Позднее Гудериан неоднократно пытался вмешаться в решение политических вопросов, надеясь все-таки убедить руководство Третьего рейха принять его предложение о немедленном перемирии с Западом. В середине марта 1945 г. Гудериан из передачи радиостанции нейтрального государства узнал о поисках путей к достижению мира, предпринимаемых неким доктором Хессе в Стокгольме. И снова посредником между Гудерианом и министерством иностранных дел выступил доктор Барандон. Но и на этот раз из разговора на Вильгельмштрассе, на который я сопровождал генерал-полковника, ничего не вышло.
Как поняли наконец Гудериан и Барандон, добиваться перемирия, рассчитывая на содействие внешнеполитического ведомства, не имело смысла; по-видимому, на данном этапе войны нужно было искать другие подходы. Кроме того, по мере затягивания военных действий, прежде всего на востоке, дипломаты утрачивали свое влияние на фюрера и уже не пользовались у него прежним авторитетом. Особенно ярко это нашло свое выражение в политическом завещании Гитлера.

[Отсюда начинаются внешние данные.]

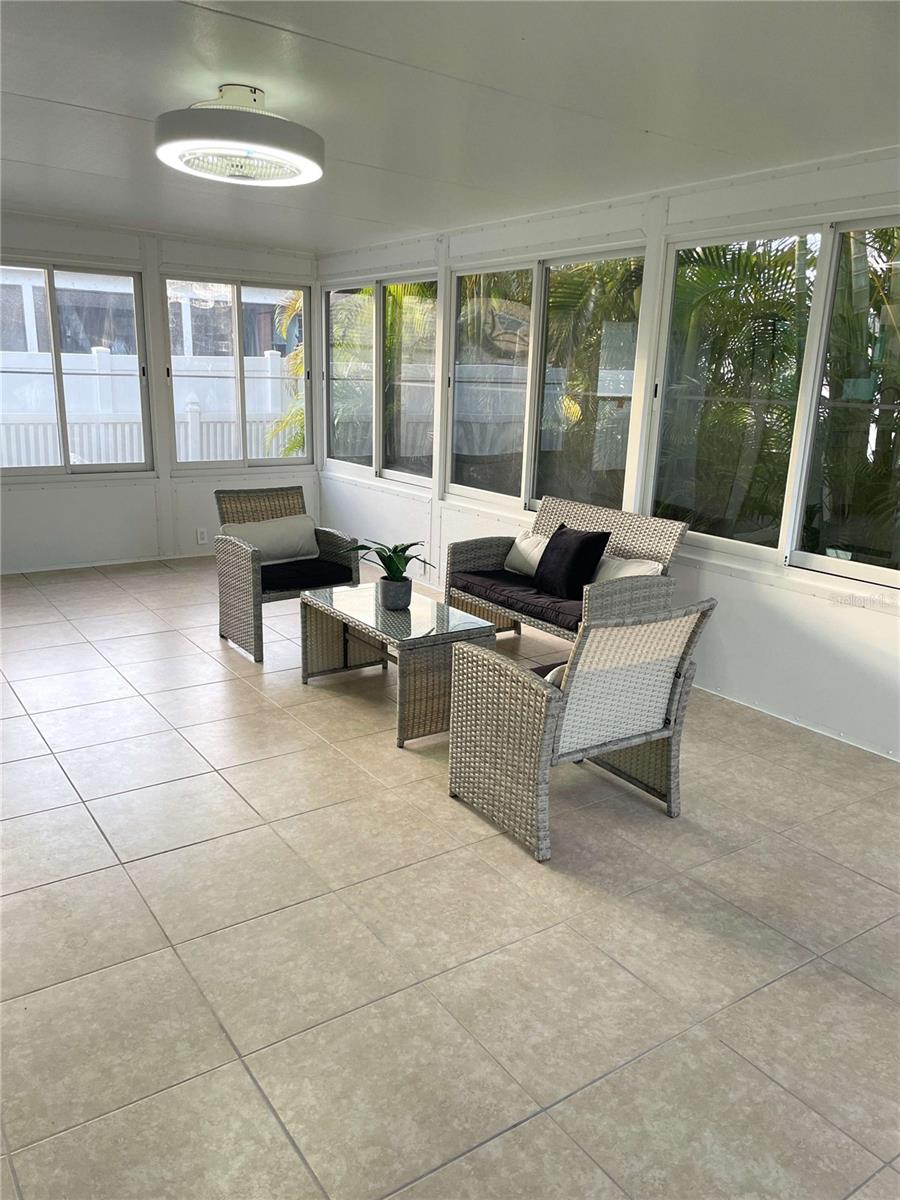 Listing photo id 10 for 16102 1st Street E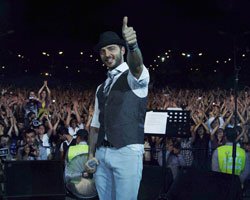 Gökhan Özen... 39 DERECE ATEŞLE SAHNEYE ÇIKTI!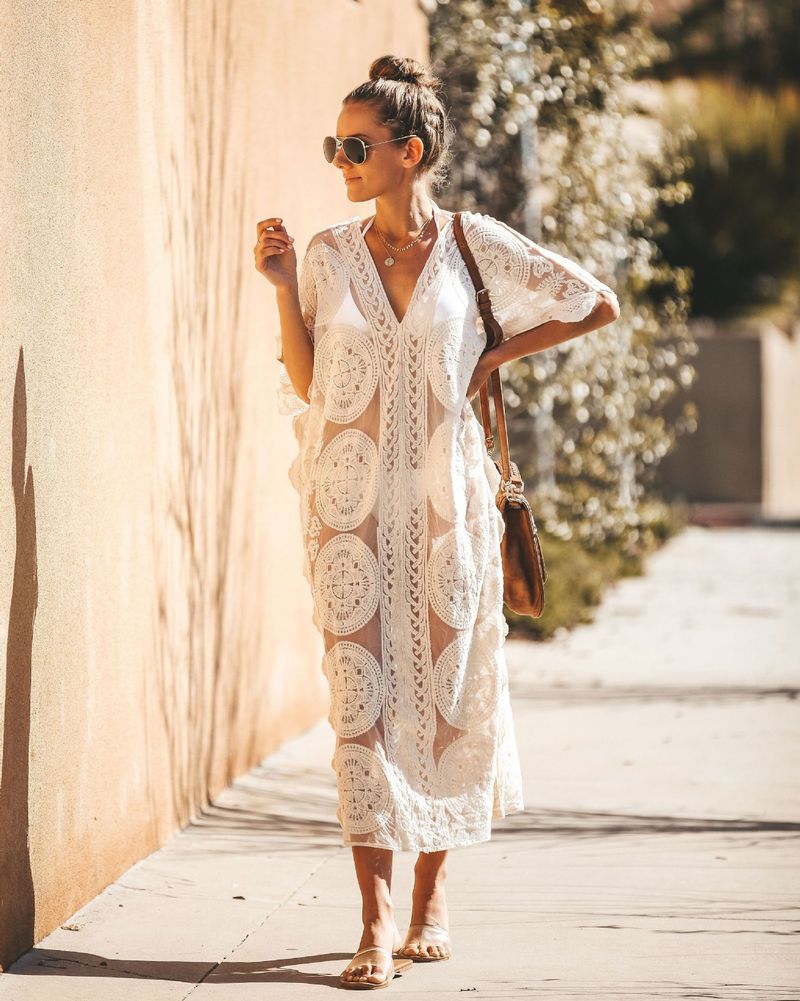 Beach Cover-Up Dress – 100% Cotton Crochet Bikini Wrap, Lightweight 220GSM, Flowing Longline Design (One Size, White/Black/Black-White)_voghion.com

Гудериан по-прежнему не отступал, но теперь он уже старался действовать через Гиммлера и Геринга. На другой день после неудачного похода на Вильгельм-штрассе он отправился в Пренцлау, в штаб группы армий «Висла», которой командовал Гиммлер, чтобы убедить его подать прошение об отставке с этой должности. Гиммлер, судя по всему, откликнулся на просьбу Гудериана с радостью, вероятно, потому, что, во-первых, правильно оценивал свои способности в качестве командующего мощной боевой группировкой, а во-вторых, потому, что таким путем обретал прежнюю свободу действий. Его заменил генерал-полковник Хейнрици, до того командовавший армией в Словакии. На этой встрече в Пренцлау Гудериан говорил с Гиммлером и о необходимости быстрейшего заключения перемирия. Вскоре после этого разговора, 21 марта, оба вновь встретились в имперской канцелярии, и Гудериан буквально умолял Гиммлера срочно уделить внимание проблеме. Соглашаясь с доводами начальника Генерального штаба, Гиммлер наотрез отказался поддержать его у фюрера, так как, не без основания, опасался, что Гитлер прикажет его расстрелять, если он только осмелится заикнуться о подобном предложении.

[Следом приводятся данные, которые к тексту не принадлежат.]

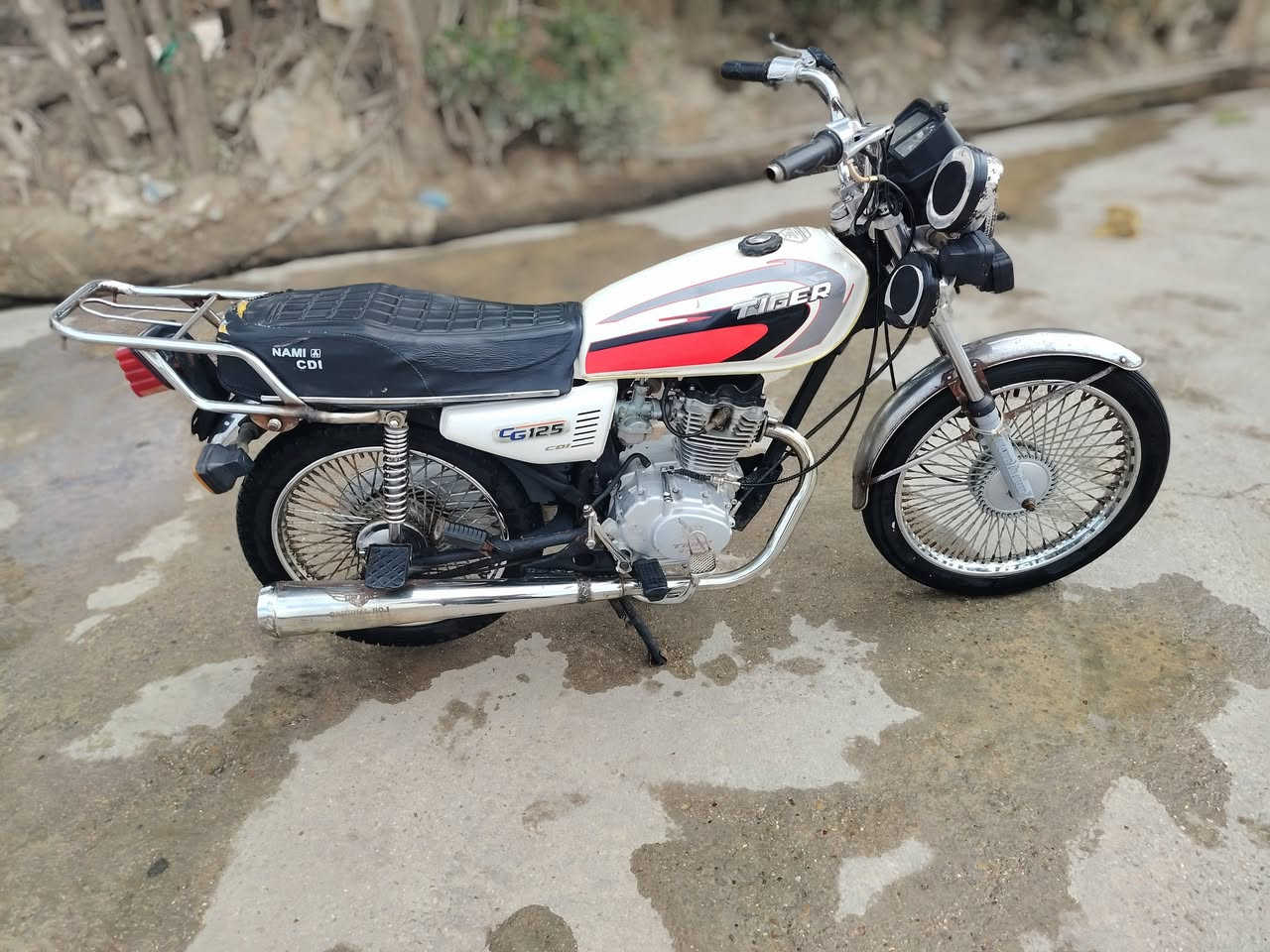 سلام عليكم تايكر البيع موديل 21 مكفوله من كلشي اوراق اصولي مكان القاسم السعر 450 وبيه مجال اتصل ***********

И снова Гитлер узнал об этом разговоре в тот же день и на вечернем совещании 21 марта посоветовал Гудериану тоном, не допускающим возражений, взять отпуск и отправиться в какую-нибудь хорошую клинику полечиться в связи с непрекращающимися «жалобами на сердце». Гудериан, однако, не сразу последовал совету фюрера, так как его предполагаемый преемник, генерал Кребс, еще не оправился от ранения.
Понимая, что остается все меньше времени для маневра, Гудериан и Барандон решают обратиться к Герингу. Поговорить с ним вызвался знакомый с делом Гиммлер. Беседа, длившаяся свыше четырех часов, состоялась во дворце Каринхолл, личной резиденции Геринга. Рейхсмаршал авиации безоговорочно признал настоятельную необходимость немедленных переговоров о перемирии, но, как и другие, категорически отказался даже затрагивать эту тему с Гитлером. Геринг тоже не сомневался, что Гитлер просто прогонит его или, чего доброго, быть может, даже посадит в тюрьму. Таким образом, все старания Гудериана, невзирая на личную опасность, поскорее прекратить кровопролитную и губительную для Германии войну, хотя бы против западных союзников, закончились безрезультатно. Приближался и конец его активного участия в боевых действиях.